Examples of ϕ/ψ distributions derived for several α–synuclein residues: (A) A19; (B) N65, (C) Y133; (D) Q134. For each residue, the populations are shown when using chemical shift values (15N, 13Cα, and 13C′) only (upper panels) and when using all available 12 parameters (3JHNHα, 3JC′C′, 3JC′Hα, 1JCαHα, 2JNCα, 1JNCα, δ15N, δ13Cα, δ13C′, dHNHα(i,i), dHαHN (i−1,i) and dHNHN (i,i+1)) per residue (middle panels). θ =0.4 was used for the distributions shown, with all σ(q) values set to their default (Table 1, IDP) values and using a diffusion anisotropy parameter k=1.0. The plots of χ2 versus S (lower panels) are displayed for θ values of (left to right) 0, 0.1, 0.2, 0.4, 0.8, 1.6, 3, 6, and 10, showing that on average slightly lower χ2 values and higher S values are obtained when using the new coil database (red symbols) than when using the Fitzkee coil library (black) when fitting all 12 experimental parameters for each residue.
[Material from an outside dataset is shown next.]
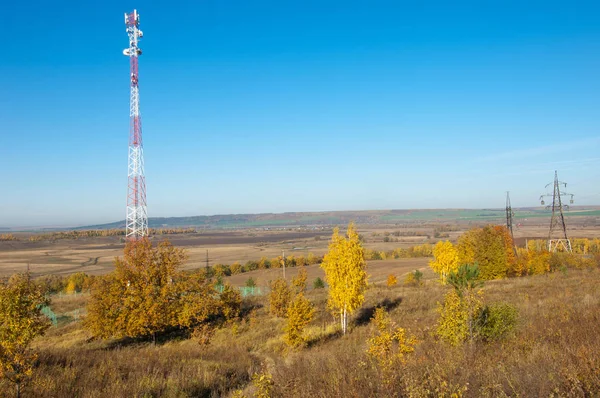 Sonbahar manzara, telefon aktarma Kulesi. sabit bir süre için bir kaldırma veya görev yapan ve benzer bir grup tarafından değiştirilir. Telekomünikasyon kule ilerleme sonbahar antenle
Blue dots in the lower panel correspond to the S and χ2 values obtained when using only chemical shift data as restraint inputs. The horizontal error bars in the lower panels reflect the lack of convergence of the simulated annealing protocol for very low θ values.
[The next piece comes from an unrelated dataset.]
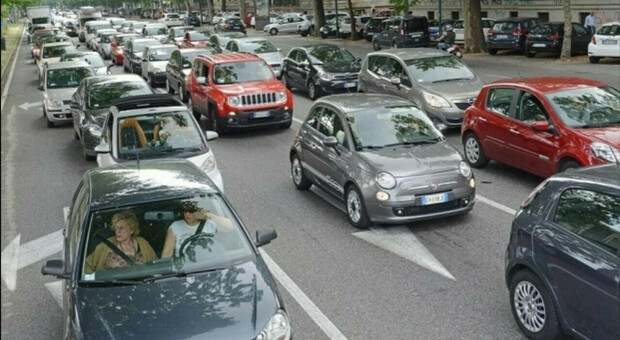 Traffico in una città italiana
Remarkably, when all 12 experimental input parameters are used for each residue, the normalized χ2 values remain low, but more “reasonable” deviations from the coil distributions are observed (center panels in Fig. 4). For example, the αL population for Q134 virtually disappears, and A19 converges on the αR and PPII regions, as expected for an Ala preceded by two other Ala residues. For all four residues, the backbone angles are much closer to the coil database distribution than for the above GB3 examples. This result is also reflected in Kullback-Leibler divergences (−S) in the 0.1–0.5 range, versus 0.5–1.5 for the GB3 residues.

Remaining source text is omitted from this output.